So, that patch slipped past me. Not only is the parent reference not ours to drop, but
when I went and looked at dlpar_cpu_add() I also noticed that of_node_put() was done on
the parent prior to the call to dlpar_attach_node(). With the addition of "parent" to the
dlpar_attach_node() parameter list dlpar_cpu_add() needs to be fixed up to hold the
"parent" reference until after dlpar_attach_node() returns.

-Tyrel

>
> cheers
>

2017-09-20 21:03:06

by Tyrel Datwyler

[permalink] [raw]
Subject: [PATCH 2/2] powerpc/pseries: fix parent_dn reference leak in add_dt_node()
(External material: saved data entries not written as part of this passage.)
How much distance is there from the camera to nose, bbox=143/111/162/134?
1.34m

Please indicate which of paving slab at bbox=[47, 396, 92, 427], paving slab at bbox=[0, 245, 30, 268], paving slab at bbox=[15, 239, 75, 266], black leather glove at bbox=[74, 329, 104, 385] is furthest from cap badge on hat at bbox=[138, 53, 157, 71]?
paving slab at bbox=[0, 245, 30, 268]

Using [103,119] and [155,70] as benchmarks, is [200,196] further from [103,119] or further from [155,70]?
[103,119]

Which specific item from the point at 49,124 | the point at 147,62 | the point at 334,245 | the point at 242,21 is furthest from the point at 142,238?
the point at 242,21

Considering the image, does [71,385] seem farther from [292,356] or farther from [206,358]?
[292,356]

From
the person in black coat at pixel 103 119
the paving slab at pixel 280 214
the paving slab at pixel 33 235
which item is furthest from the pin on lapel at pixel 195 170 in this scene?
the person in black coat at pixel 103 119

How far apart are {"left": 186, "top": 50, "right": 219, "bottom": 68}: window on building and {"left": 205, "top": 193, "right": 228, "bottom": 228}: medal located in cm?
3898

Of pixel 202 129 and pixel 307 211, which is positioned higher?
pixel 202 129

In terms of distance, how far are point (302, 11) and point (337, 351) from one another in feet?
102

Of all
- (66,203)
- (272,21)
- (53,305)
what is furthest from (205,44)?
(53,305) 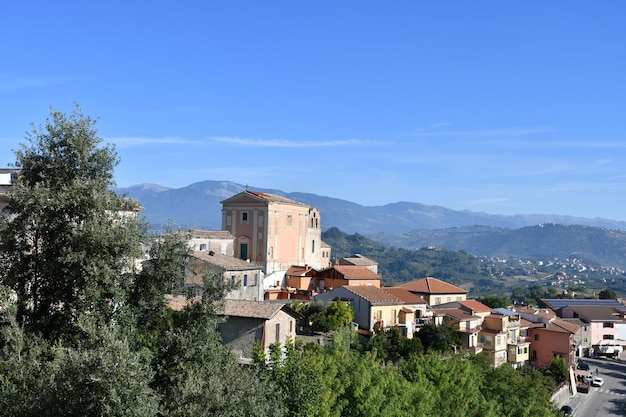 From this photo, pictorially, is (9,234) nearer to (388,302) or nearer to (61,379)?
(61,379)

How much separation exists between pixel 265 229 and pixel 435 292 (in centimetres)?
1817

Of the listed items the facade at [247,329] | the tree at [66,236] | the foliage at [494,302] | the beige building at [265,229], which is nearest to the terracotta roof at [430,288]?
the beige building at [265,229]

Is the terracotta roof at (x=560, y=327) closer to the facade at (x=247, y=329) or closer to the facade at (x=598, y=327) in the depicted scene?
the facade at (x=598, y=327)

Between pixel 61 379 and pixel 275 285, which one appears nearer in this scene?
pixel 61 379

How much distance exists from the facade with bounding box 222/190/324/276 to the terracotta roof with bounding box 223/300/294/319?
81.7 ft

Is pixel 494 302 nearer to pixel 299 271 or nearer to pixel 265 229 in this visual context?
pixel 299 271

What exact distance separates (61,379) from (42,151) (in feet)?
20.0

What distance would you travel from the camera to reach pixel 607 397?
5844 cm

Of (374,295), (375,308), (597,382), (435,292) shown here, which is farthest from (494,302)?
(375,308)

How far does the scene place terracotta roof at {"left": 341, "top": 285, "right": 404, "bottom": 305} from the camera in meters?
47.9

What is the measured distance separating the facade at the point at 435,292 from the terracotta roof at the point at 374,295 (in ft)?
39.0

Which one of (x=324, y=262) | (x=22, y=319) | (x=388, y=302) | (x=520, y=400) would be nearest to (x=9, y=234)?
(x=22, y=319)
A reference to the parent device node is held by add_dt_node() for the
node to be added. If the call to dlpar_configure_connector() fails
add_dt_node() returns ENOENT and that reference is not freed.
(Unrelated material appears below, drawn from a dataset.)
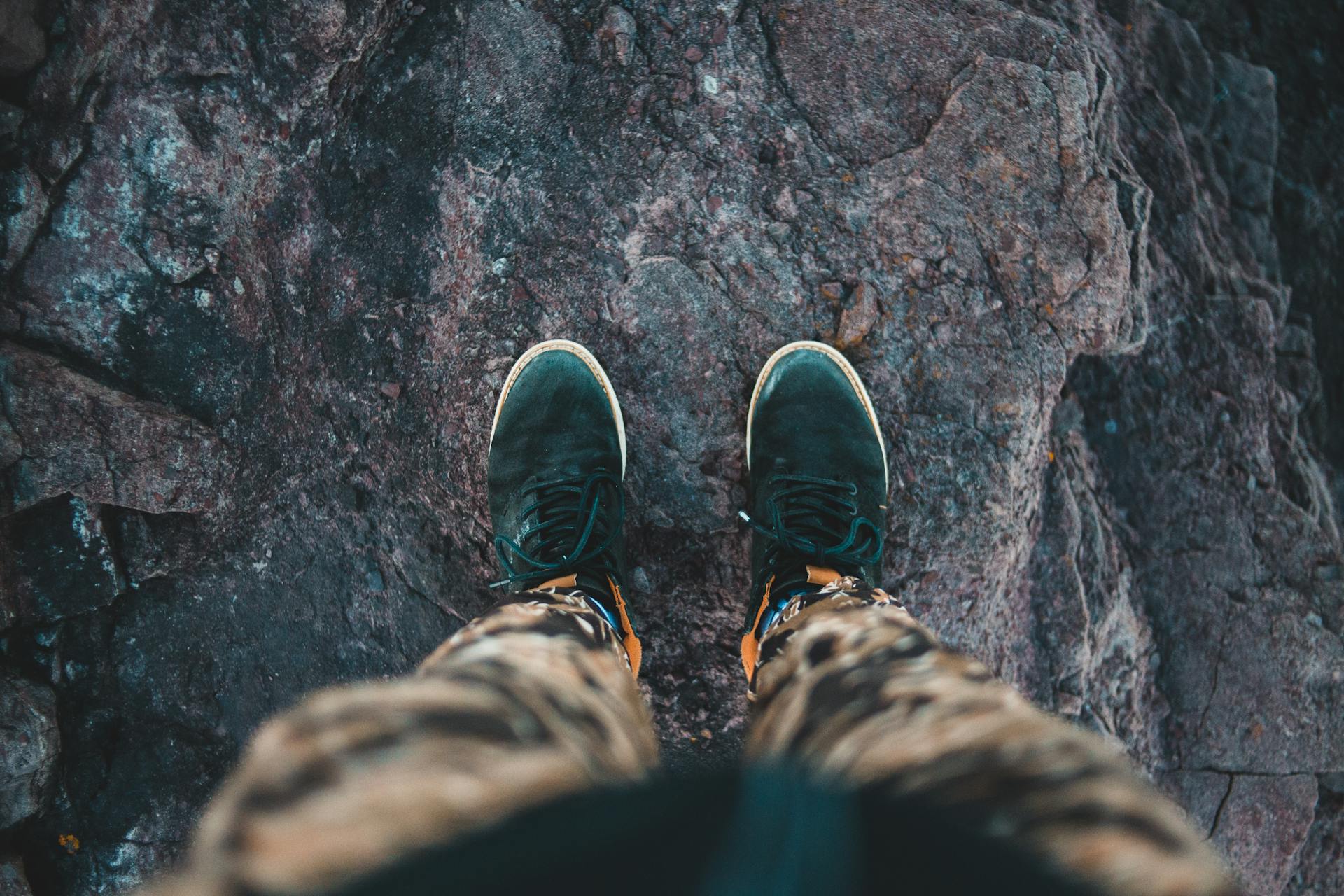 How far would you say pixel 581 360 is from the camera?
1478 mm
Add a call to of_node_put(parent_dn) prior to bailing out after a failed
dlpar_configure_connector() call.

Cc: [email protected] # v3.12+
Fixes: 8d5ff320766f ("powerpc/pseries: Make dlpar_configure_connector parent node aware")
Signed-off-by: Tyrel Datwyler <[email protected]>
---
arch/powerpc/platforms/pseries/mobility.c | 4 +++-
1 file changed, 3 insertions(+), 1 deletion(-)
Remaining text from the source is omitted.